## Brief descriptive captions
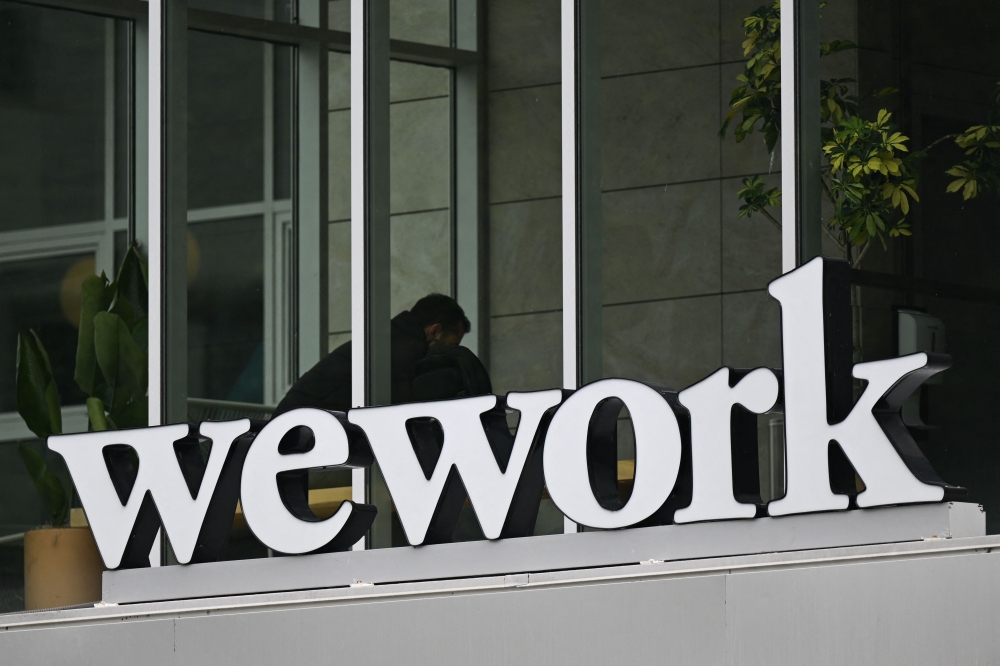 WeWork went into bankruptcy in November with its major creditors set to take control of the company. — AFP file pic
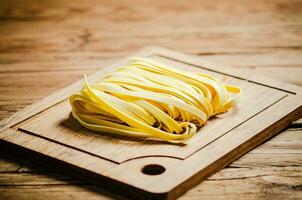 fait maison Pâtes tagliatelles. sur en bois tableau. photo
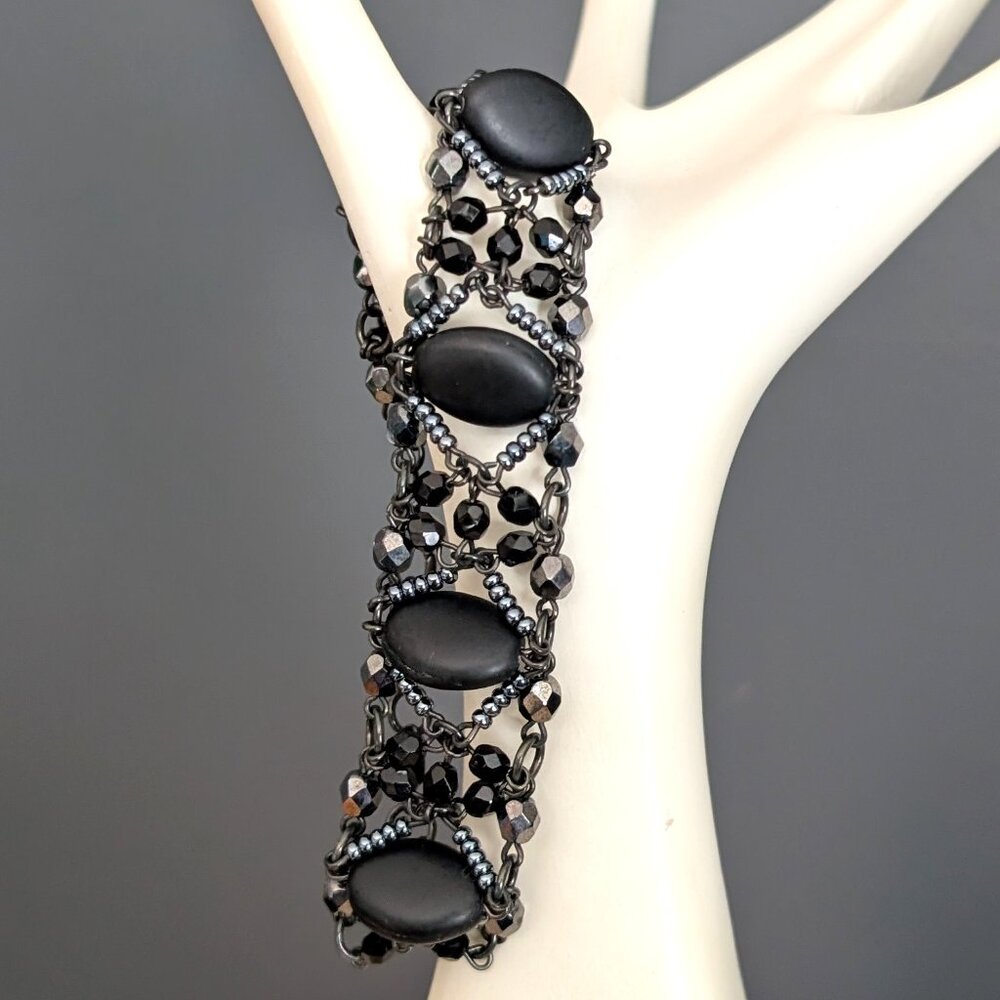 Dark gray and black beaded bracelet with black oval smooth center beads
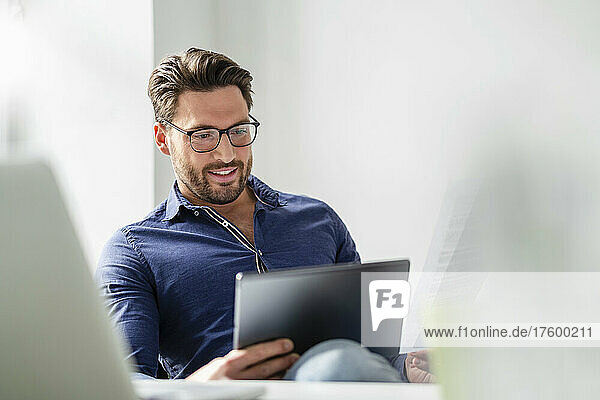 Businessman wearing eyeglasses using tablet PC at office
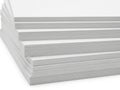 Stacked sheets of pristine white paper Royalty Free Stock Photo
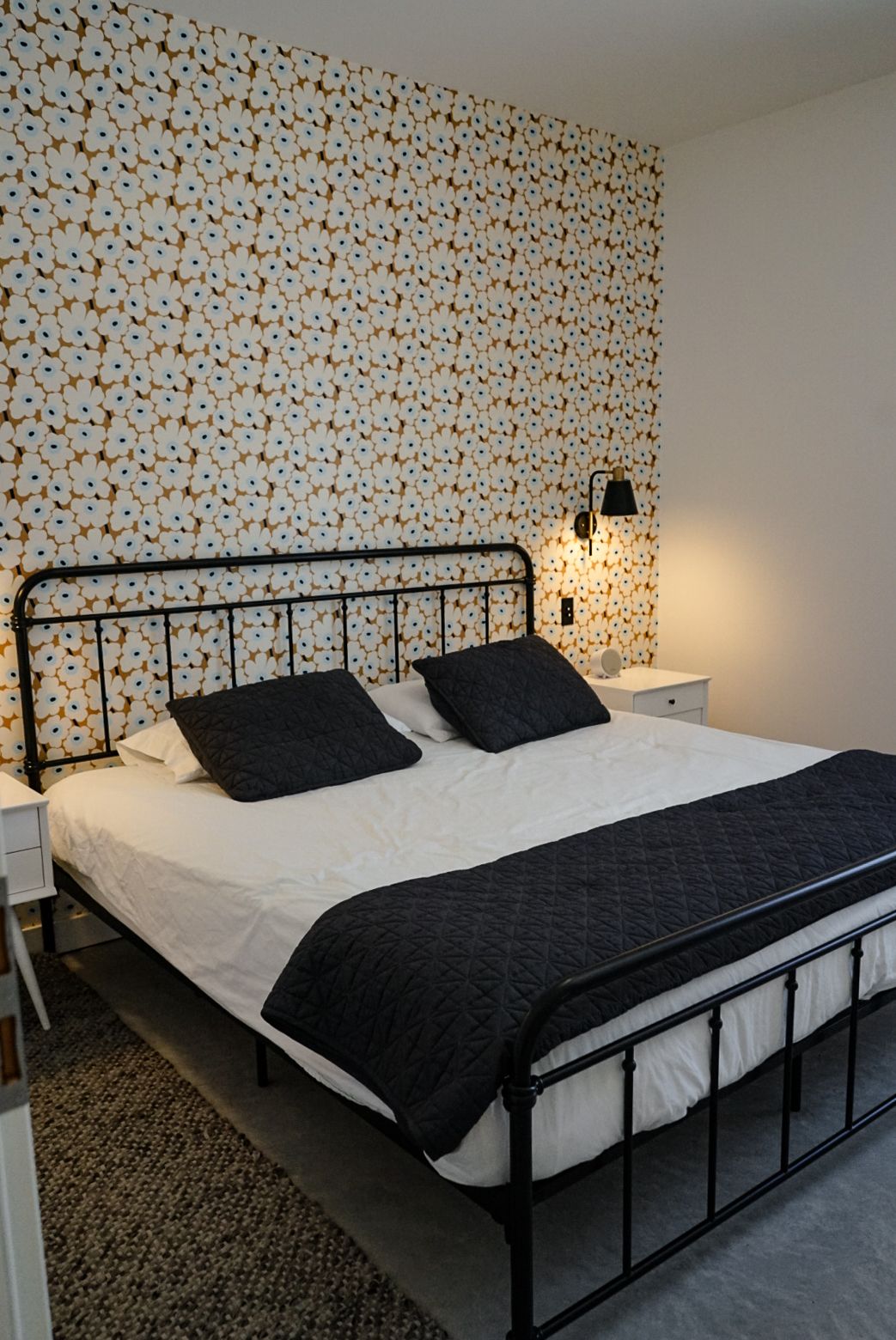 Bedroom with black metal bed frame and floral wallpaper featuring a black and white color scheme.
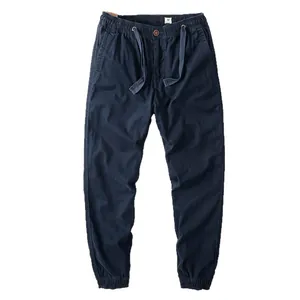 Pantaloni cargo vintage blu navy da uomo con coulisse elastica e polsini a costine.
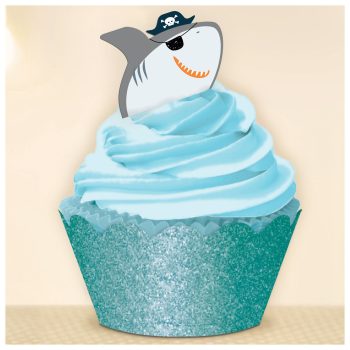 Cupcake with blue icing and shark topper.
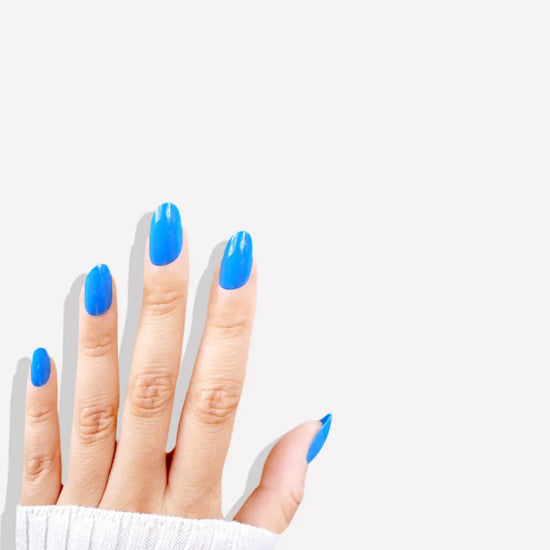 Fingers up pose showing de blinkie Skyline Pop vivid azure blue gloss press-on nails in short oval against a white background with a white ribbed knit sleeve
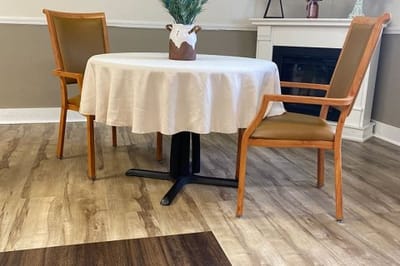 Interior common area with a round table and chairs
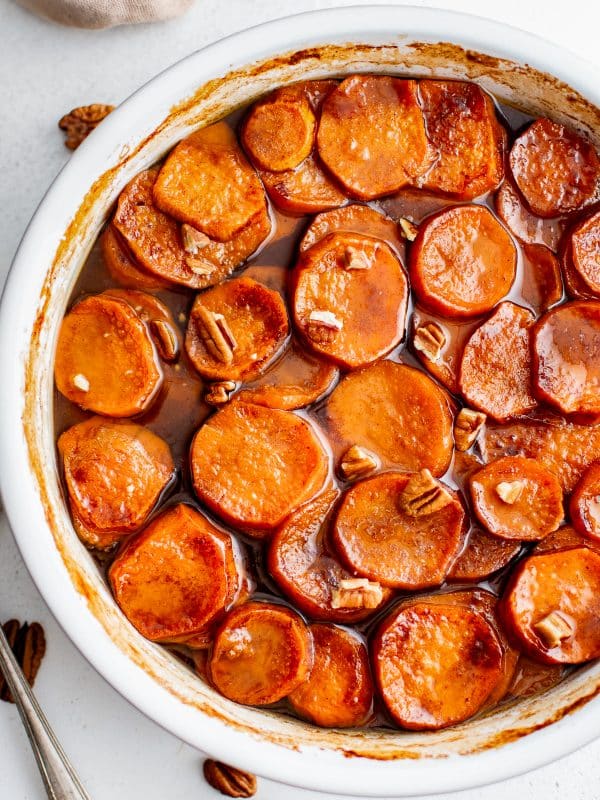 Close-up of candied yams topped with chopped pecans in a round white baking dish.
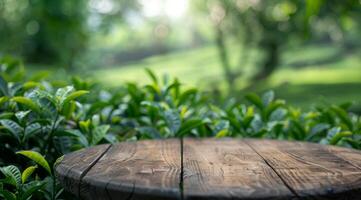 A beautifully crafted wooden table is set in a tranquil and vibrant green landscape, perfect for outdoor gatherings photo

## What to work on
With the pictures omitted, print precisely the lines from the one with "Cupcake with blue icing and shark topper." to the final line of the records, both included.

## Answer area
 Cupcake with blue icing and shark topper.
 Fingers up pose showing de blinkie Skyline Pop vivid azure blue gloss press-on nails in short oval against a white background with a white ribbed knit sleeve
 Interior common area with a round table and chairs
 Close-up of candied yams topped with chopped pecans in a round white baking dish.
 A beautifully crafted wooden table is set in a tranquil and vibrant green landscape, perfect for outdoor gatherings photo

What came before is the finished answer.